I. V. D. Heard, W. H. Grant and Wilson, Lawrence & Rogers, for defendant.

NELSON, D. J. This action is brought against the defendant sheriff to recover damages for the conversion of personal property, consisting of logs, and lumber manufactured therefrom.

The sheriff defends under a seizure by virtue of certain writs of execution issued upon judgments obtained against the firm of McCaine Bros. & Barteau, and also sets up proceedings 129 instituted by laborers in the employment of this firm, as lien claimants under the laws of the state of Minnesota.

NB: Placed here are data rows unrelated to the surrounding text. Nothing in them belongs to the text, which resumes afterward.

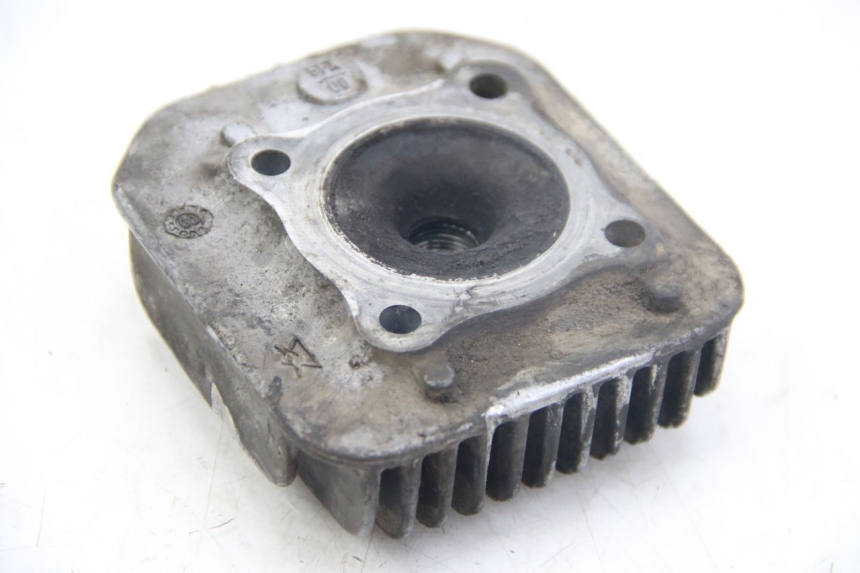 photo de CYLINDER HEAD MBK BOOSTER SPIRIT 50 (1999 - 2003)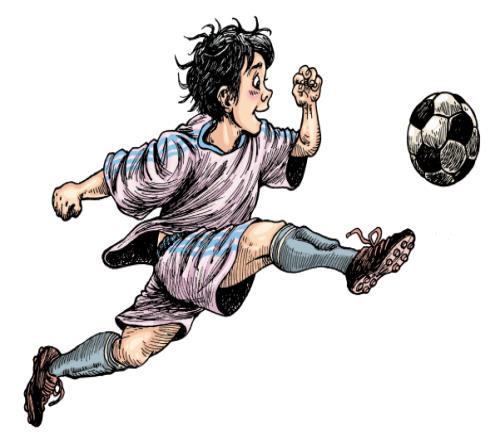 英博末轮球票售罄中超悬念明天揭开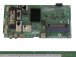 Základní deska / main board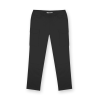 Pantalon Rogue Ripstop Noir - GK UNDERCOVER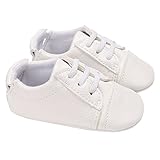 (プタス) Putars 赤ちゃん靴 子供靴 ベビーシューズ スニーカー 女の子 男の子 歩行練習 履き心地いい ファーストシューズ 記念日 出産お祝いプレゼント 0-18ヶ月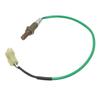 Oxygen Sensor 18213-80G10 Fits Suzuki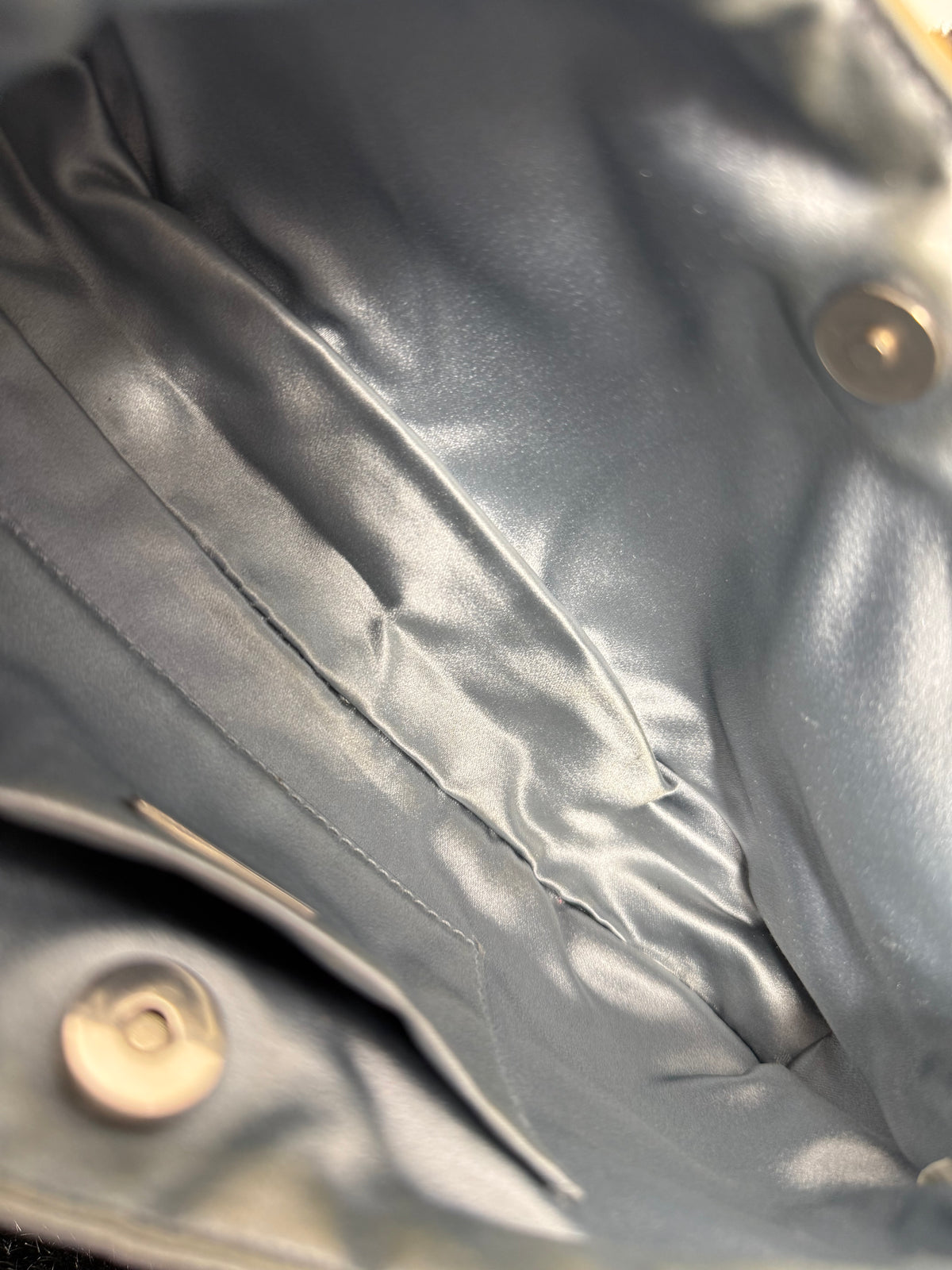 Prada Mini Bag a spalla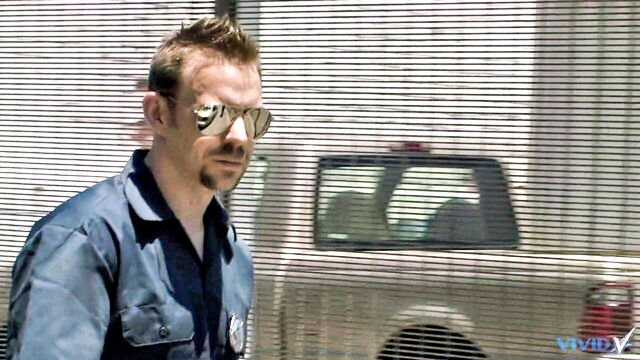 nikki jayne - nikki jayne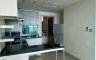 3 Bedroom Condo for Sale or Rent in Watermark Chaophraya River, Khlong Ton Sai, Bangkok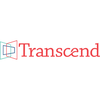 Transcend Education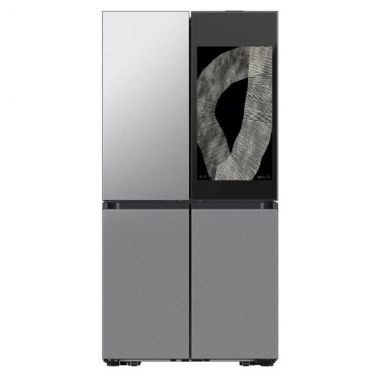 Heladera Samsung French Door 699L AI...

Briefly, the sheriff, in his answer, says the logs and lumber were not the plaintiff's property, and were not in its possession or under its control, but were owned by McCaine Bros. & Barteau; and that executions came into his hands against said firm, and that he had levied upon the logs and lumber as their property.

The plaintiff claims the right to the possession of the property by virtue of a chattel mortgage, and on default of the mortgagor to pay the money secured thereby.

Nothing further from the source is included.